De lejos lo vigilaban más de 50 soldados y policías federales.
Las primeras seis canciones fueron “alteradas” según el vocabulario de los jóvenes que asistieron, seis corridos que hacen alusión a personajes del cártel de Sinaloa y que la mayoría de los asistentes coreaban, como si se tratara de hombres importantes en la historia del país.
Las canciones encendieron a la gente, tanto que en 10 minutos se dieron tres peleas campales que ni los militares y policías municipales pudieron parar.

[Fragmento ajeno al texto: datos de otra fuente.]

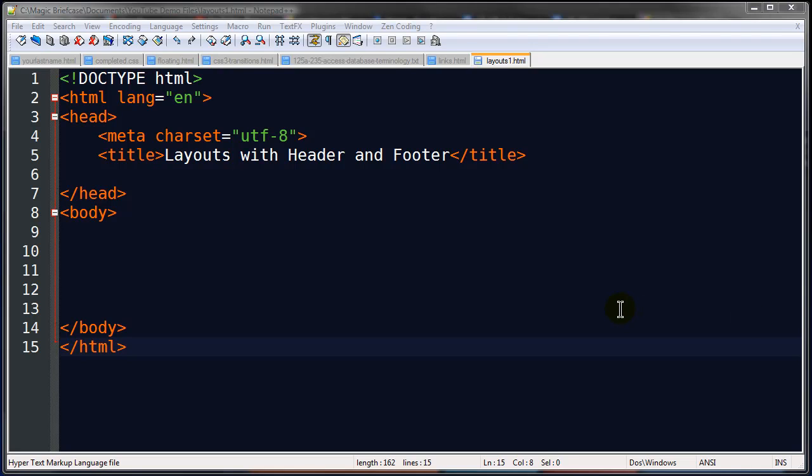Hey this is Ralph and in this video I want to go over making web page layouts with headers and footers. We'll start off pretty simple and add a little bit more complexity to it.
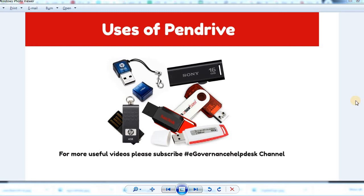Hello guys, this is your eGovernance Elpris channel. In this video, you can see a pen drive that you can use. If you are here for the first time, please subscribe — look for the subscribe button in the top right corner.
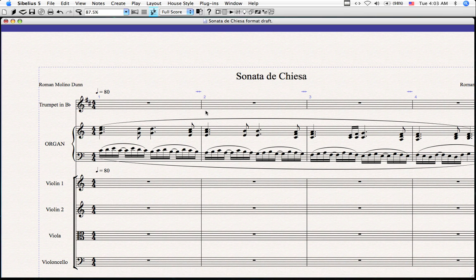Welcome to another edition of Transcribing with the Music Transcriber. Today we're going to look at a plugin I've written called Insert Bars at Beginning. It's already available for download at the Sibelius Plugins download page.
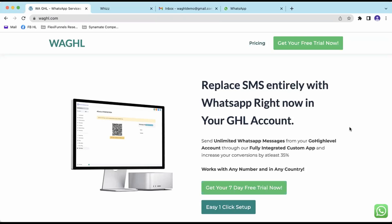Welcome everyone, welcome to WAGHL. In this video, we are going to see how to register the app into your GoHighLevel location.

La primera se dio en la mitad de las gradas, al menos 20 hombres se trenzaron al golpes sin razón aparente, cada uno se lanzó amenazas de “te voy a levantar”, las mujeres y niños gritaban espantados, el Ejército armado no pudo hacer nada.

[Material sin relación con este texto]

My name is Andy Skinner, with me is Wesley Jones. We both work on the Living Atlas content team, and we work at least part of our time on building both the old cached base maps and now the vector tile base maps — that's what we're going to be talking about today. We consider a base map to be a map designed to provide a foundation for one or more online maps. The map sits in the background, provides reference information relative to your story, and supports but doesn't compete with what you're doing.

Mientras estaba la pelea Gerardo Ortiz cantaba su éxito Palma Salazar, una canción que hace alusión a la muerte de Luis Palma Salazar, hermano de uno de los primeros hombres que se encargó de la plaza de Acapulco en los 1990, Héctor El Güero Palma, extraditado a Estados Unidos y devuelto a México en junio del 2016, aún preso en un penal de Nayarit.
Las demás peleas se dieron en el corral de toros, muchos estaban bajo el influjo del alcohol.
Gerardo Ortiz terminó de cantar a las 5 de la mañana, en todo momento sus cuerpos de seguridad evitaron el contacto con la gente, los militares vigilaron todo el concierto y como llegó, el músico sinaloense se fue en una camioneta blindada, escoltado.